Глаза наивной девицы затуманились и начали наполняться очередной порцией влаги. А потом налитой обильной прокурорской плотью мундир, повис на моей шее.
— Так-то я бы «Красной Звездой» хотел наградиться, но сначала решил к тебе зайти итвоё мнение узнать, — доверительно продолжил я поднавешивать на вновь порозовевшее ушко макаронные изделия. — Ты как считаешь, будет на моём кителе «Красная Звезда» смотреться?
Лапша на прокурорских ушах висла, но оказалось, что помощница в прейскуранте госнаград немного разбиралась. Видимо, ейный папенька в кругу своей семьи нескромных амбиций не скрывал и до нагрудных висюлек был охоч.
— Серёж, ты чего⁈ — безжалостно оторвала свой роскошный бюст от моего туловища Наталья, — Орден «Ленина», это же намного круче!
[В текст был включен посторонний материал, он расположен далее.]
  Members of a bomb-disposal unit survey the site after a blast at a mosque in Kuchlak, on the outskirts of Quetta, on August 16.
И «Красное Знамя» тоже круче, чем «Звезда»!
Неожиданно для меня разволновалась моя юная подруга не на шутку и я даже пожалел, что в погоне за незначительным алиби, простодушно наговорил лишнего.
— Всё так, любимая, всё так! — начал я сдавать назад пятками, — Ты как всегда права! Но видишь ли в чем дело, «Красное Знамя» и дояркам дают за привесы, и за надои. Пидорам-лясунам из балета и прочим комбайнёрам с шахтёрами! Нет, не хочу я «Знамя»! — я помотал головой, отрицая свою причастность к честным аграриям и бессовестным пидарасам. — А, если мне «Ленина» вручат, то ты имей в виду, что меня сразу в Москву заберут! И кто его знает, как тогда у нас с тобой после моего отъезда всё сложится? Или ты дальнейших отношений со мной не планируешь?
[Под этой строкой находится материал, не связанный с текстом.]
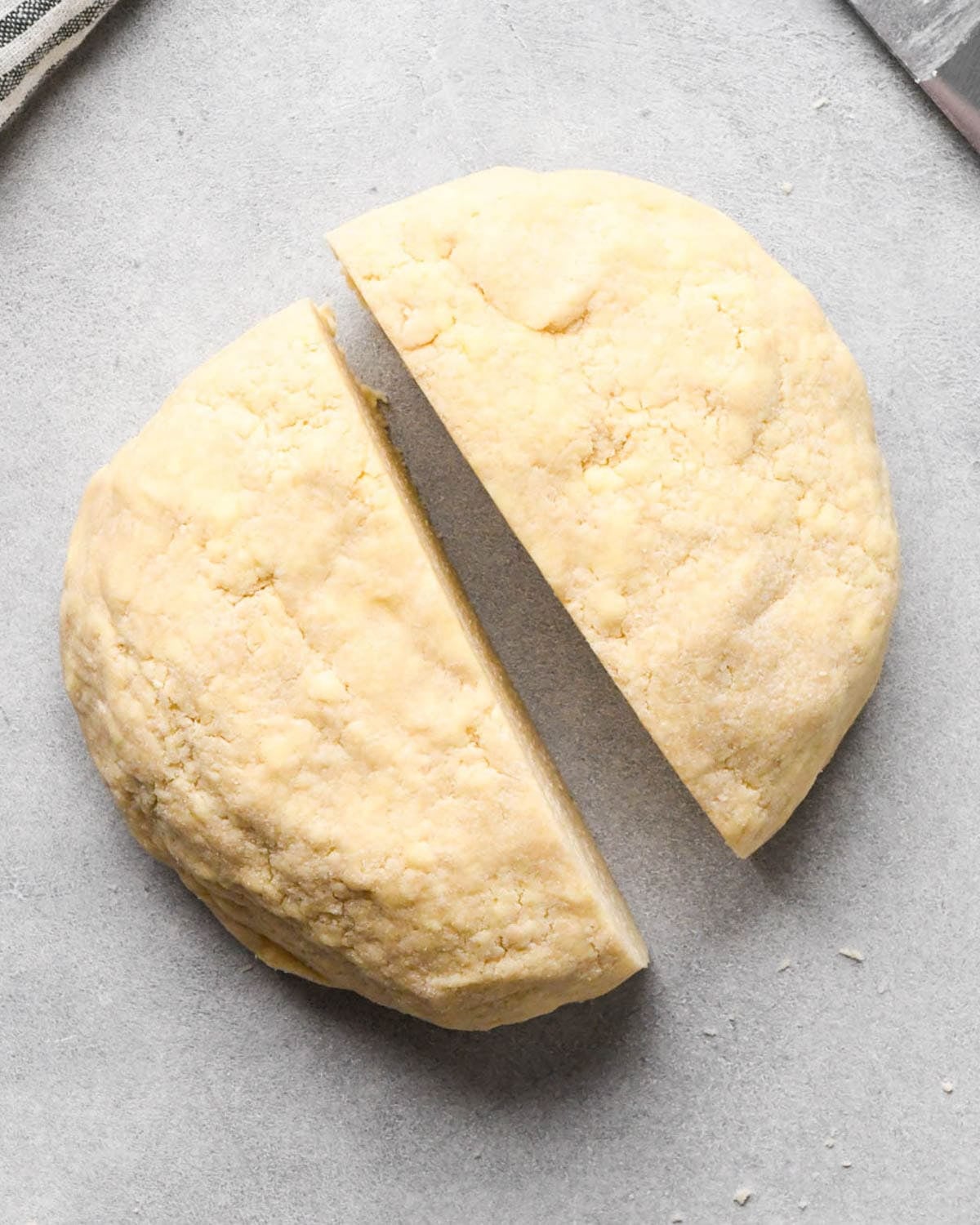 making apple hand pies crust - round disc of dough cut in half from top to bottom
По тому, как беспокойно сверкнули глаза моей любимой девушки, я догадался, что расставаться со мной она не собирается. И кроме того, к моему счастью, такими нюансами, что «Красное Знамя» бывает разным, мозг моей любимой девушки отягощен не был. И потому мой довод насчет доярок и сталеваров, хоть и без энтузиазма, но был принят. В любом случае, расставание, связанное с моим переводом в Москву, напрочь порушило амбиции Натальи относительно блямбы имени «Ульянова-Бланка».
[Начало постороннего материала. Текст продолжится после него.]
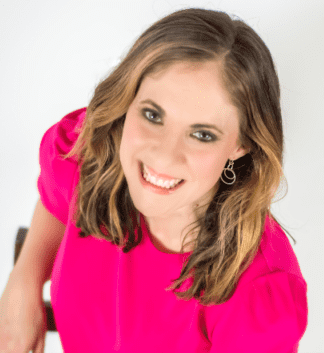 Photograph of Marissa Shuffler, a smiling White woman in a bright pink business dress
— Жалко! — по-бабьи шмыгнула носом потенциальная супружница районного орденоносца, — Отец бы от зависти слезами изошел! Он давно мечтает, чтобы ему «Ленина» в Кремле вручили! Говорит, что его только сам Брежнев на грудь вешает! Представляешь, сам Брежнев! — восторженная подруга заглянула мне в глаза.
Пренебрежительную ухмылку я убрать не успел и сразу же заметил вспыхнувшее в её глазах комсомольское непонимание. Пришлось снова отвлекать внимание барышни, совмещая полезное с откровенно шкурным интересом. Не своим, но друга.
— Ты всё же отца набери! — кивнул я на телефон, — Хочу к нему подъехать и с ним тоже посоветоваться. Насчет процедуры награждения, ну и вообще, как оно там всё происходит… И да, я правильно тебя понял, что ты не против моего награждения «Красной Звездой»? Если что, то ты скажи и я всё переиграю!
Лицо Натальи Сергеевны Копыловой теперь уже выражало самую крайнюю степень довольства собой и высочайшей самооценки собственной персоны. Её сиюминутный лик был преисполнен такой значимостью, что своим чеканным профилем он и сам смог бы украсить любую высшую государственную награду. Маятник её неустойчивого дамского сознания взлетел в иную и в самую высшую точку амплитуды.
— Хорошо, пусть будет «Звезда»! — с достоинством королевы милостиво кивнула мне мадемуазель Копылова. Еще несколько минут назад размазывавшая по своим щекам горькие слёзы и совсем неромантичные сопли разобиженной курицы.
— Ну вот и славно! — подвёл я черту затянувшемуся водевилю, — Звони уже отцу и попроси его, чтобы он меня принял! Он наверняка сейчас очень занят и ему не до меня, но ты постарайся, душа моя, а уж я тебе потом отслужу! — ласково погладил я девушку по тугой заднице и в отместку получил благодарную улыбку.